The jet stream is an upper air movement that serves as a path for thunderstorms, Osborne explains. Usually, the jet stream pattern fluctuates and thunderstorms occur throughout the Plains more evenly. However, the 1991 volcanic eruption of Mount Pinatubo in the Philippines dramatically altered atmospheric pressure and weather patterns, even in the United States. The atmospheric disturbance carried into the summer of 1993.

"The jet stream became locked in place, resulting in storms passing over the same location day after day in the Midwest," Osborne says.

This past summer the situation repeated itself, only not as intensely nor as widespread. Osborne says there are signs the jet stream is returning to a "less confined orientation," although a wetter-than-normal pattern still exists.

COULD RAIN BE DIVERTED BY CLOUD SEEDING?

Precipitation results when water vapor in a cloud cools and accumulates as ice crystals, which then fall into warmer air as rain. With cloud seeding, nucleating agents such as dry ice or silver iodide are injected into a cloud, to convert water vapor into ice crystals that will grow larger and finally fall through the cloud base as rain.

Cloud seeding is usually referred to as a means of increasing the likelihood of precipitation in an area. However, could clouds be seeded to strategically carry precipitation away from an already water-soaked area?

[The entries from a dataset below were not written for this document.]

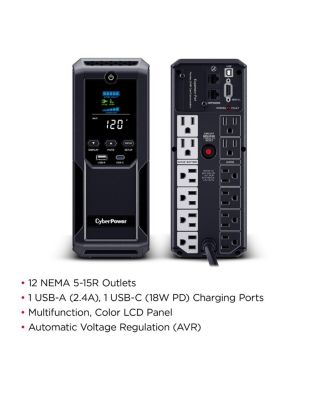BRG1500AVRLCD2 1500VA/900W Intelligent LCD Mini-Tower UPS with Remote Management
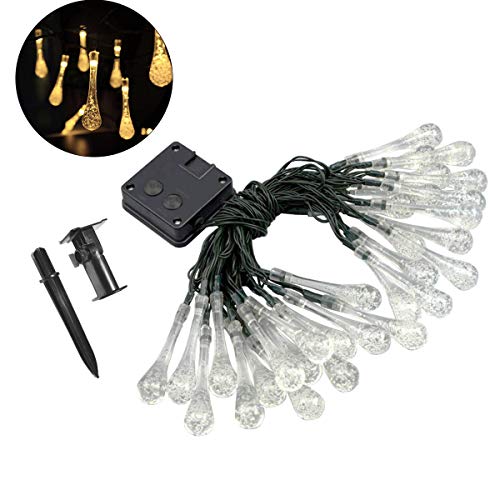 Solar Powered 30LED Raindrop String Lights, with 8 Lighting Modes Home Garden Party Light Decor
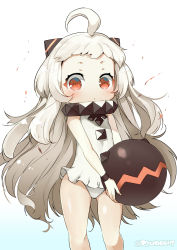 Rule 34 | 10s, 1girl, abyssal ship, adapted costume, ahoge, highres, horns, kantai collection, long hair, naitou ryuu, northern ocean princess, red eyes, solo, swimsuit, white hair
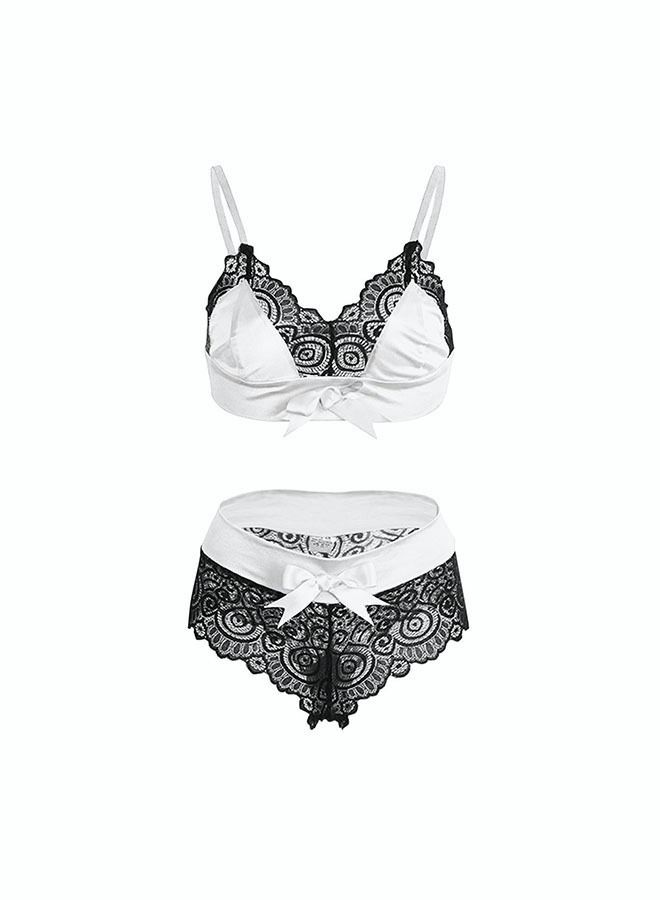 NIBEMINENT Women's Fashion Bra Suit Lace Splice Underwear Combination Removable Cushion Adjustable Shoulder Strap Set - Image 1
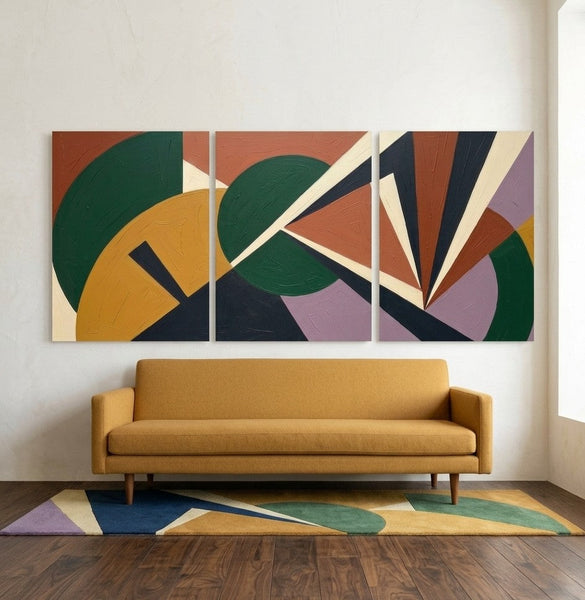 Modern Paintings for Mid Century Living Room, Multi Panel Canvas Paintings, Geometric Abstract Art-Art Painting Canvas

On a small, short-lived thunderstorm in about a 25-mile radius, possibly, says Osborne. Indeed, cloud seeding has been tried to a limited degree as a means of hail suppression.

However, thunderstorms in the general weather pattern in force the past two summers would have been too massive to influence by cloud seeding, he says.

The effect of cloud seeding lasts only about 30 minutes, he says, and the amount of precipitation affected by cloud seeding is not substantial. "It can be measured in terms of only a few tenths of an inch," says Osborne.